Ronstadt: It’s been everything for me. I was so obsessed with music from the time I was two. It was just all I thought about really. We’re so focused on celebrity in our culture that we assign all musicians to performance and then expect them to be celebrities. But that’s just a tiny part of the story of what music does. I think music has tremendous healing value. Even just different sounds. I think the Greeks know a lot about it. They have different scales that get you into different moods and different worlds. I think we’ve lost the ability and I think we’ve lost touch with a lot of it. 


CDT: What advice would you give for anyone who wants to have a career in music or just participate in music in one way or another? 

Ronstadt: I wouldn’t know where to start because I really don’t know the business anymore.
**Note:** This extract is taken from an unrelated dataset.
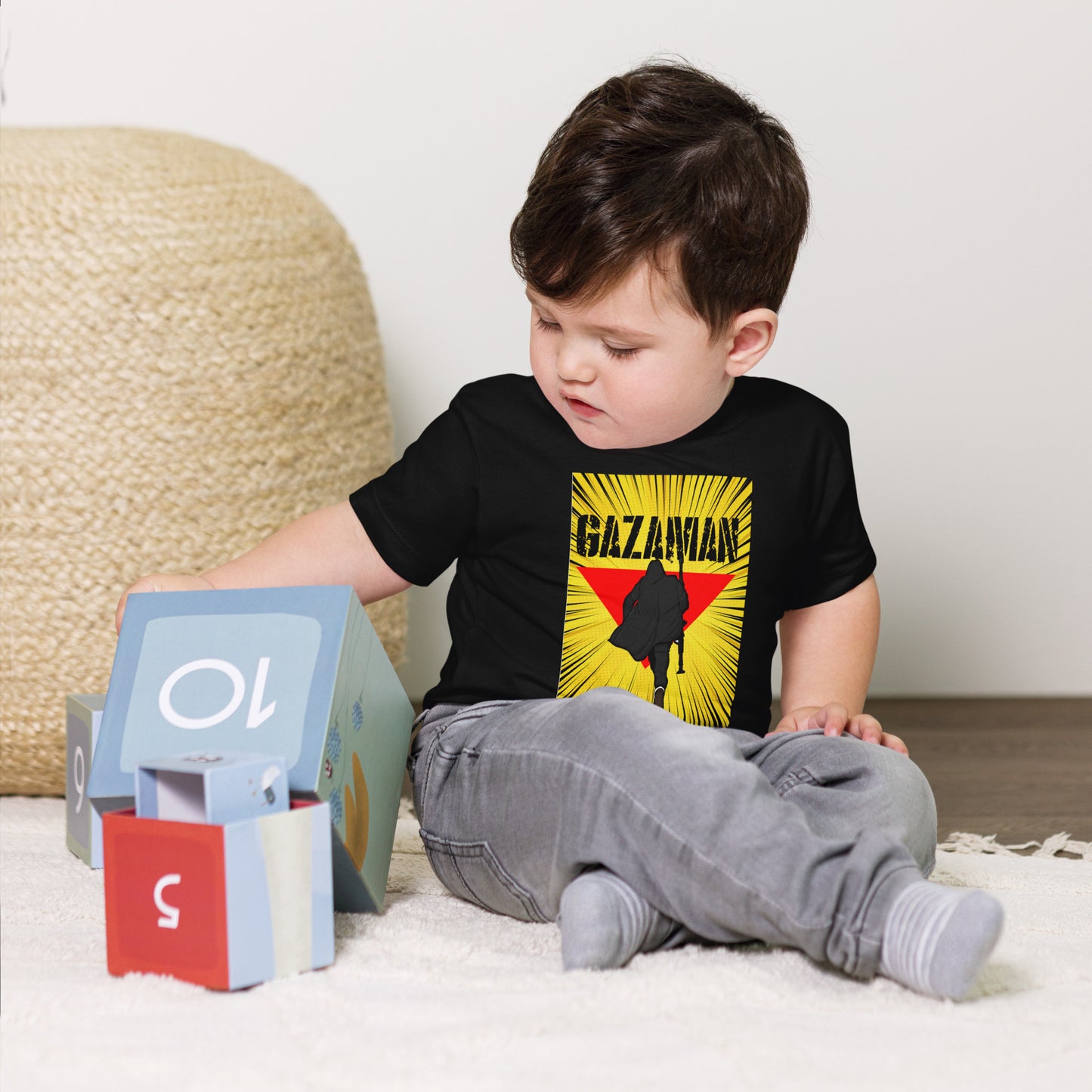 T-shirt à Manches Courtes pour Enfant en Bas Âge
What we get on the radio today is such a narrow view of it. There’s a lot of music that’s just for solitude, and for working out your problems all by yourself. There’s a lot of music that you can do that you can share with other people, and there’s music like choral singing. I think the only thing you can do is to just get on stage and get in front of people. All I ever tell anybody is just plant your feet and tell the truth. That’s what you can do in music, that’s what you can do in visual art, and that’s what you can do in dancing. The most important thing about art is ‘What are you saying? What is it you’re trying to say? Can you make it clear?’ Sometimes you can and sometimes you can’t. But you have to do it with whatever tools you have available.